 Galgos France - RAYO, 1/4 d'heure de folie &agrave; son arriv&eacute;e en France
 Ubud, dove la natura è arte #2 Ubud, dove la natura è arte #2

************

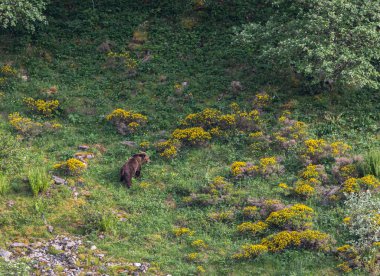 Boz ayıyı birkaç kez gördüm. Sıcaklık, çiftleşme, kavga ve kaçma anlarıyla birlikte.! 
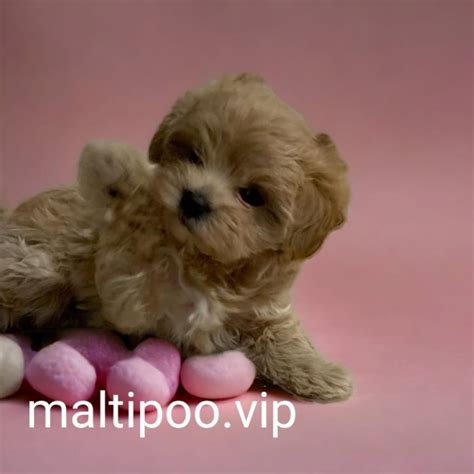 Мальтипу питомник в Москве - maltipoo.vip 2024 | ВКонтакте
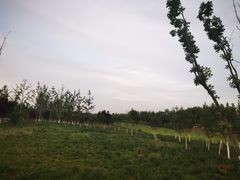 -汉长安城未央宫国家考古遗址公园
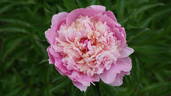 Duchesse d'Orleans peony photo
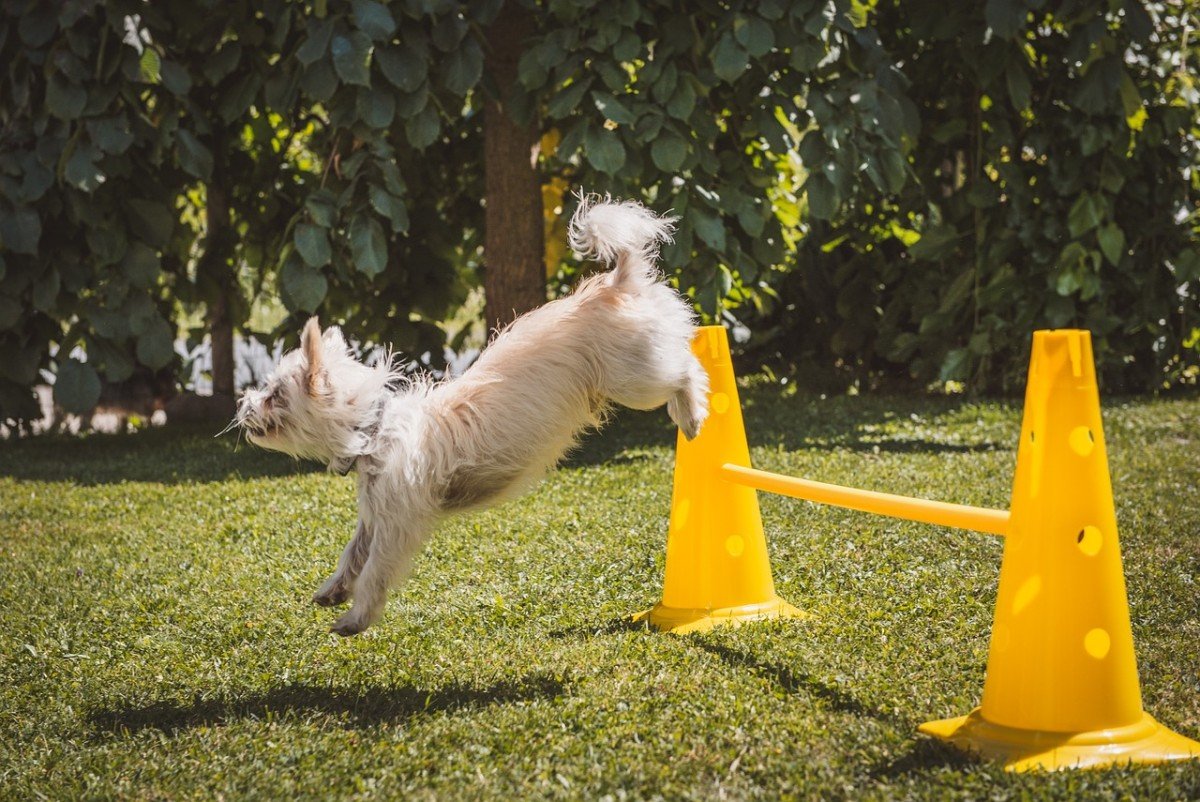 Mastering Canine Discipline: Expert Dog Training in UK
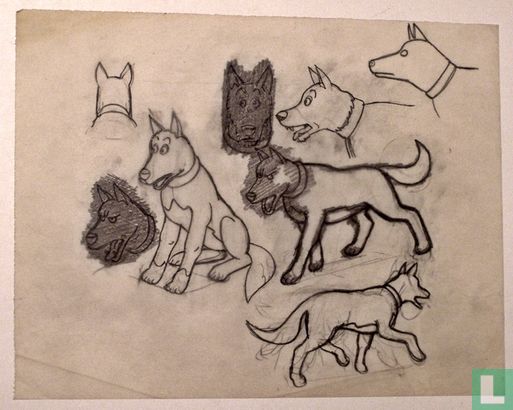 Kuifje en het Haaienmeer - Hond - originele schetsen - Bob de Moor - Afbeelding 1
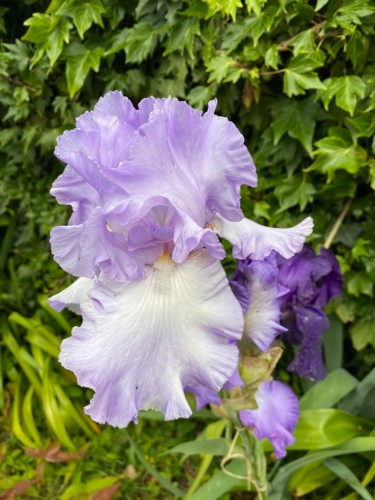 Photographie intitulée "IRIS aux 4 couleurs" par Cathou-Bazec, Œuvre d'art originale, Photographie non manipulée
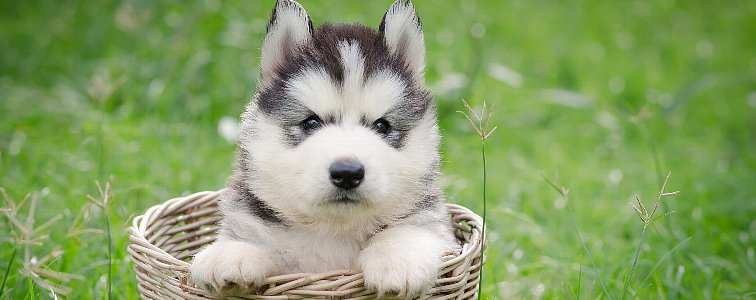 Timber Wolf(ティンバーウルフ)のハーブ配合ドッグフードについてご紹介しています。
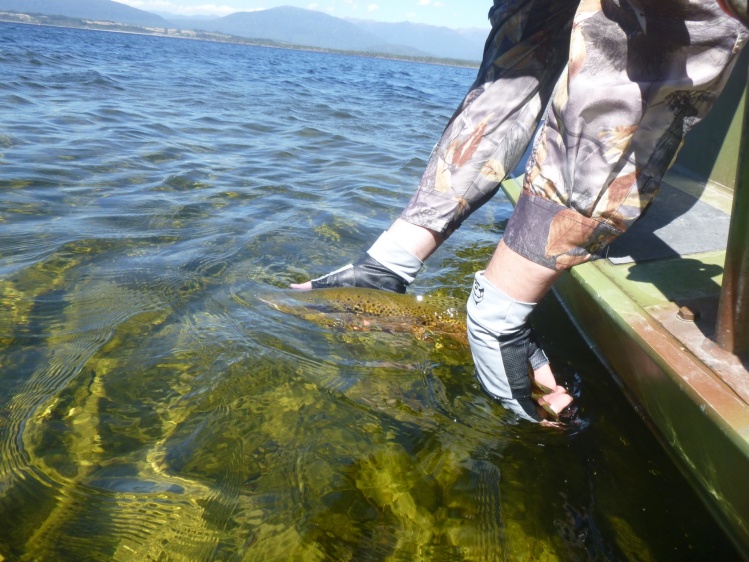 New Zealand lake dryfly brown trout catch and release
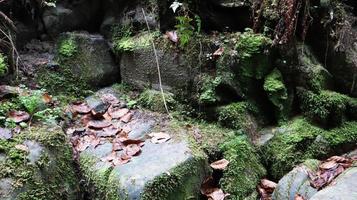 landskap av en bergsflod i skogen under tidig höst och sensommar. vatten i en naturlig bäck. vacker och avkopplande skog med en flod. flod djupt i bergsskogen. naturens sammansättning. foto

************

Task brief.
Would you output only the span of the records above that opens with the line containing "Photographie non manipulée" and closes with the line containing "landskap av en", ends included and pictures dropped?

Written response.
 Photographie intitulée "IRIS aux 4 couleurs" par Cathou-Bazec, Œuvre d'art originale, Photographie non manipulée
 Timber Wolf(ティンバーウルフ)のハーブ配合ドッグフードについてご紹介しています。
 New Zealand lake dryfly brown trout catch and release
 landskap av en bergsflod i skogen under tidig höst och sensommar. vatten i en naturlig bäck. vacker och avkopplande skog med en flod. flod djupt i bergsskogen. naturens sammansättning. foto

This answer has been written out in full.